Quante uova si possono mangiare a settimana?

Per anni l'uovo è stato ingiustamente inserito nella lista nera dei cibi da evitare, accusato di far impennare i livelli di colesterolo nel sangue. Oggi, grazie a numerosi studi scientifici, questo mito è stato ampiamente sfatato. Le linee guida nutrizionali correnti indicano che una persona adulta e in salute può consumare tranquillamente da 2 a 4 uova a settimana, ma in molti casi si può arrivare anche a una al giorno senza alcun rischio per il sistema cardiovascolare.

Il motivo di questa riabilitazione risiede nella complessa composizione dell'uovo. Sebbene il tuorlo sia ricco di colesterolo, è altrettanto vero che contiene lecitine, sostanze che favoriscono il trasporto del colesterolo buono (HDL) e ne limitano l'assorbimento a livello intestinale. Inoltre, l'impatto dei cibi ricchi di colesterolo sulla nostra colesterolemia è decisamente inferiore rispetto a quello dei grassi saturi e trans, spesso presenti in alimenti trasformati e junk food.
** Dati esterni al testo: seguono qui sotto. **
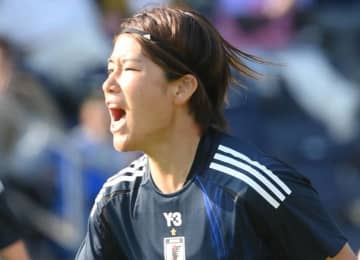 「シドニーでも森脇芸」「さすが高橋はな！」 なでしこジャパンが表彰式で歓喜 浦和の伝統芸披露に実況アナ「いわゆる森脇芸と言われている…」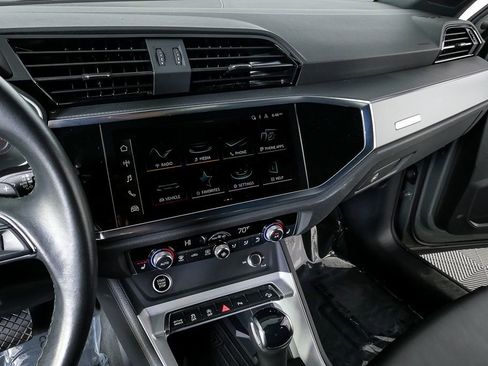 Used 2024 Audi Q3 2.0T Premium w/ Convenience Package image 12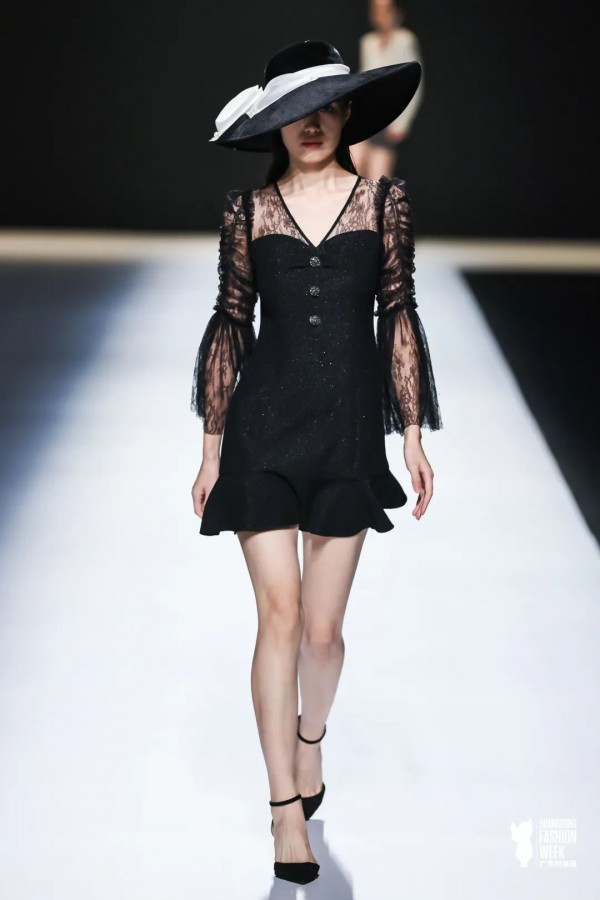 ANOTHER ONE 《半糖主义》主题大秀”亮相2021广东时装周-秋季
L'uovo è un vero e proprio superfood economico e accessibile. Rappresenta una delle migliori fonti di proteine ad alto valore biologico, il che significa che fornisce tutti gli aminoacidi essenziali di cui il nostro corpo ha bisogno. È anche una straordinaria miniera di vitamine (in particolare la A, la D, la E e il gruppo B) e di sali minerali fondamentali come il ferro, lo zinco e il selenio.
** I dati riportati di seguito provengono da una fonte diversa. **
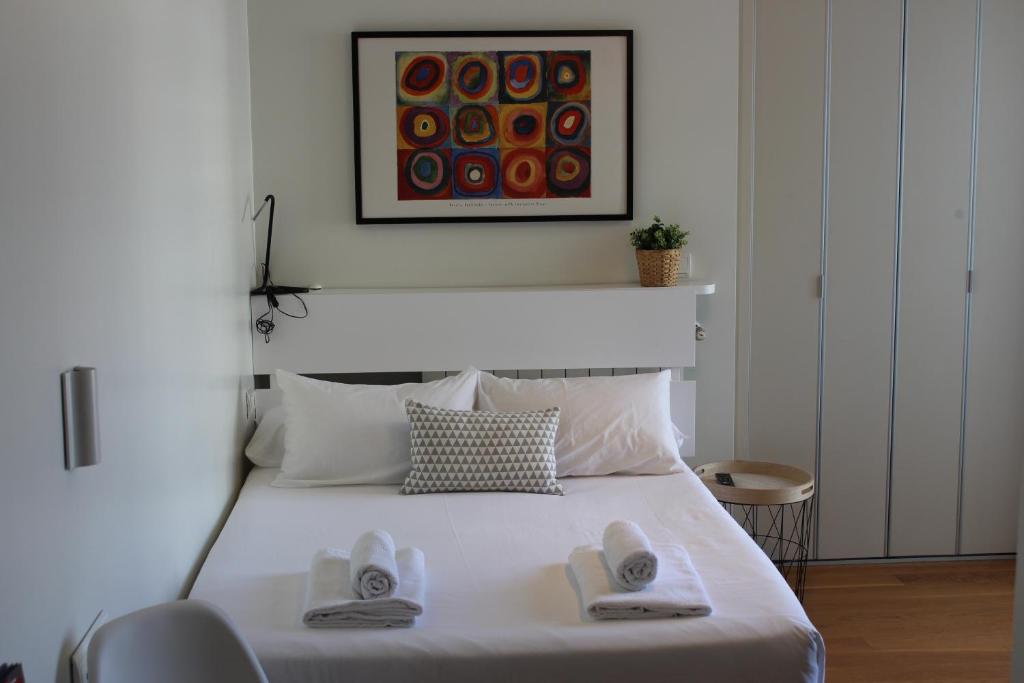 SEAFRONT LUXURY STUDIO - by www,SanSebastianApartments,es 7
Naturalmente, per mantenere intatte queste straordinarie proprietà, la differenza la fanno il metodo di cottura e gli abbinamenti. È preferibile optare per cotture leggere, come l'uovo alla coque, in camicia o sodo, evitando di friggerlo nel burro o di accompagnarlo sistematicamente a carni lavorate e formaggi molto grassi.